SINGAPORE: Singapore's trade numbers continued a downward streak in November as its exports declined for the ninth straight month, according to official data released on Tuesday (Dec 17).
Non-oil domestic exports (NODX) declined by 5.9 per cent last month from a year ago, following a plunge of 12.5 per cent the month before, data from Enterprise Singapore showed.
The fall was mainly due to a decrease in electronic domestic exports, which outweighed the growth in non-electronics, the trade agency said.
On a seasonally adjusted month-on-month basis, exports grew by 5.8 per cent in November after falling a revised 3.1 per cent in October.
Shipments of electronics fell by 23.3 per cent on a year-on-year basis, following a decline of 16.4 per cent the previous month.

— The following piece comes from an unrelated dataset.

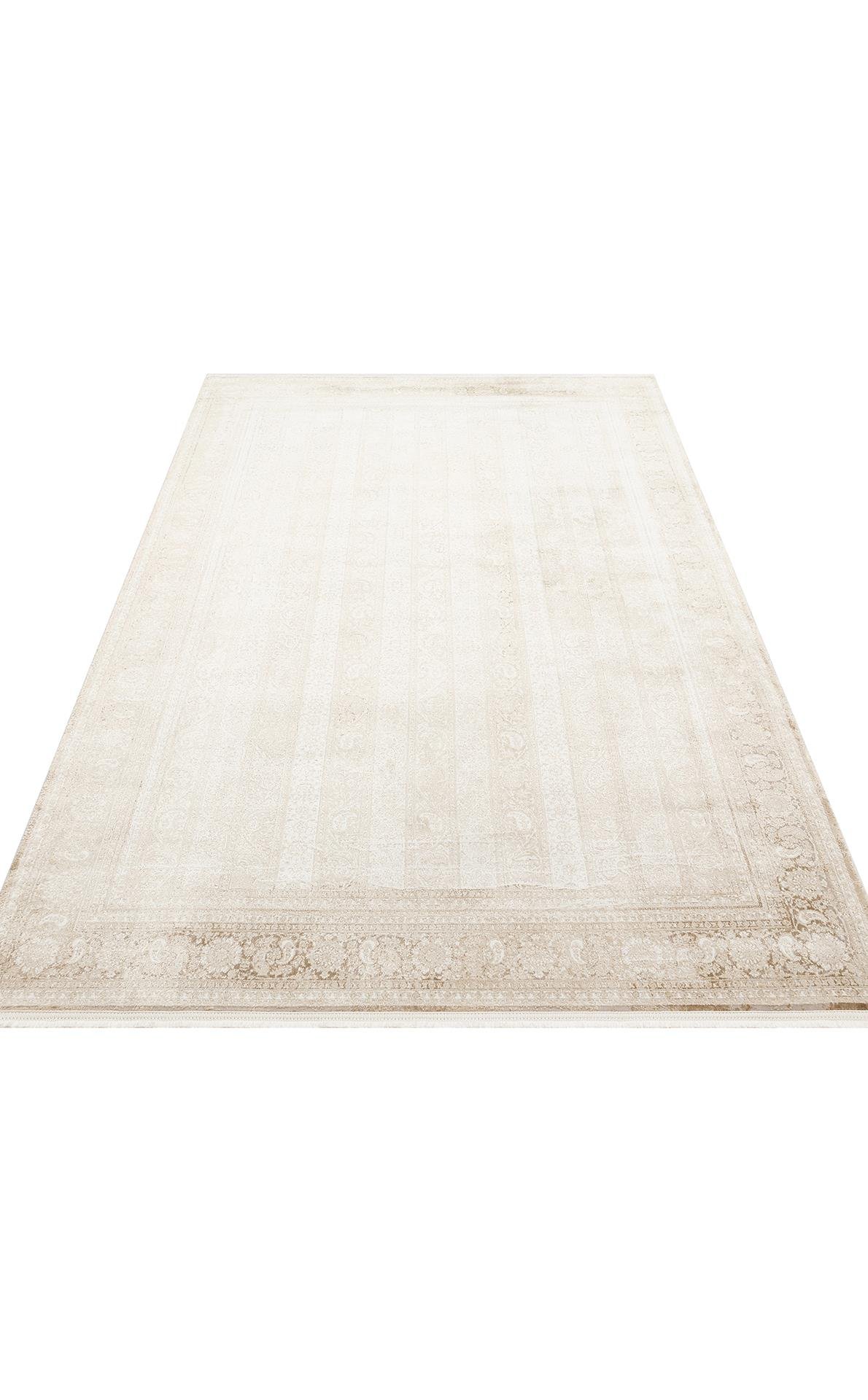 PADONA PDN 01 BEIGE  Extra Yumuşak Dokulu Sık Dokuma Modern Desenlere Sahip Şık Salon Halısı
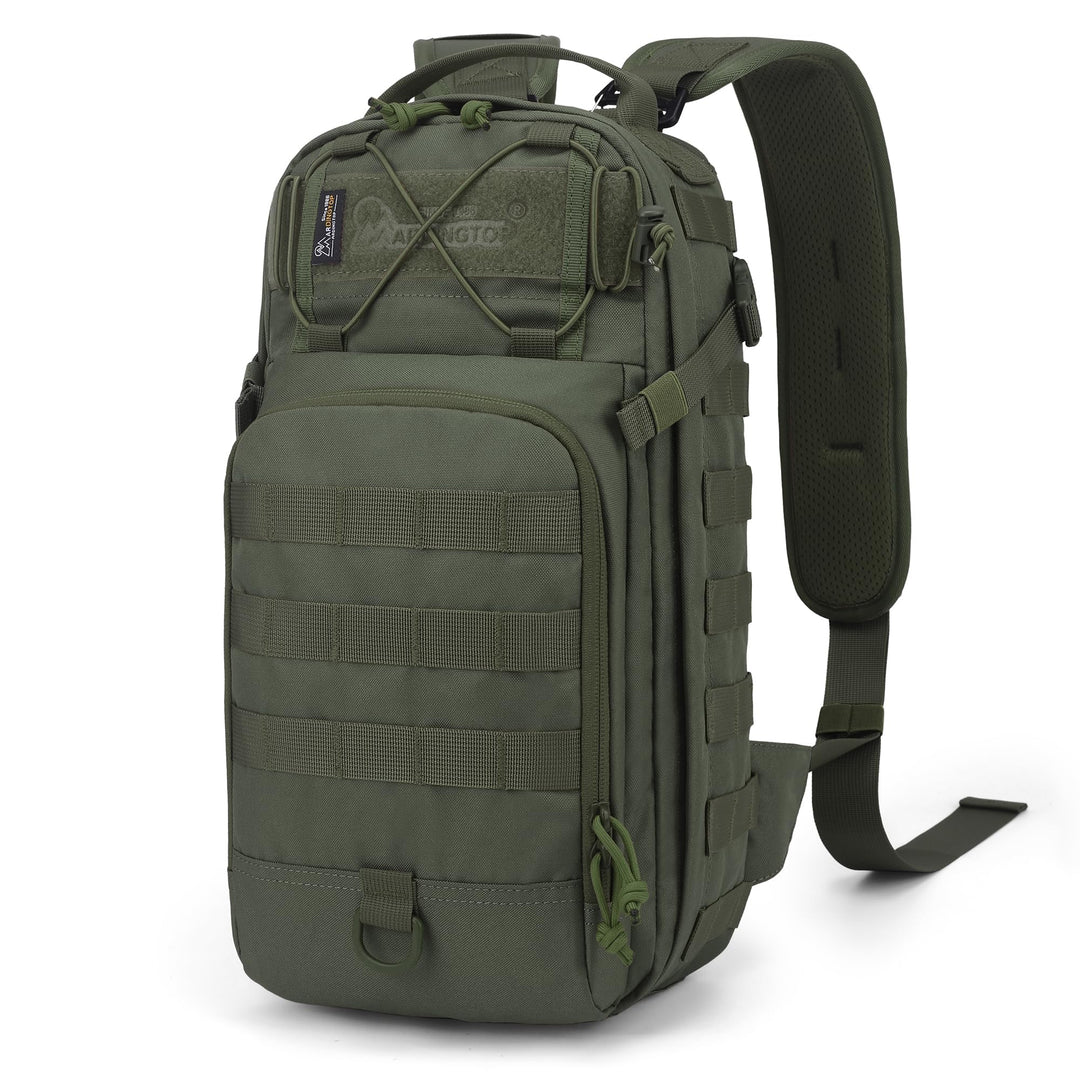 Mardingtop 18L Taktischer Rucksack für Herren mit abnehmbaren Schultergurten Vielseitiger 3-in-1 Ruc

Contributing the most to the decline were integrated circuits (-36.5 per cent), PCs (-25.1 per cent) and disk drives (-35.7 per cent).
"The global slowdown in smartphone and PC demand, in addition to the ongoing trade war, has had a negative impact on domestic electronic shipments and industrial production," said Howie Lee, an economist at OCBC.
"There are emerging signs that the electronics sector is beginning to turn the tide, however, with both disk media and diodes posting year-on-year growth after at least twelve months of contraction."
As the nominal value of electronics exports in November was also largely unchanged from October and is the highest since January 2019, this lends support to the hypothesis that the sector might have bottomed out since the mid-2019, added Mr Lee.
Non-electronic exports grew by 1.3 per cent in November, climbing back up after a 11.2 per cent decline in October.
Non-monetary gold (249.3 per cent), specialised machinery (15.5 per cent) and non-electric engines & motors (40.1 per cent) contributed the most to the growth.
Exports to the majority of Singapore's top markets declined in November, except for the US, Thailand and Indonesia. The largest contributors to the decline were Hong Kong (-27.6 per cent), the EU 28 (-10 per cent) and China (-6.8 per cent).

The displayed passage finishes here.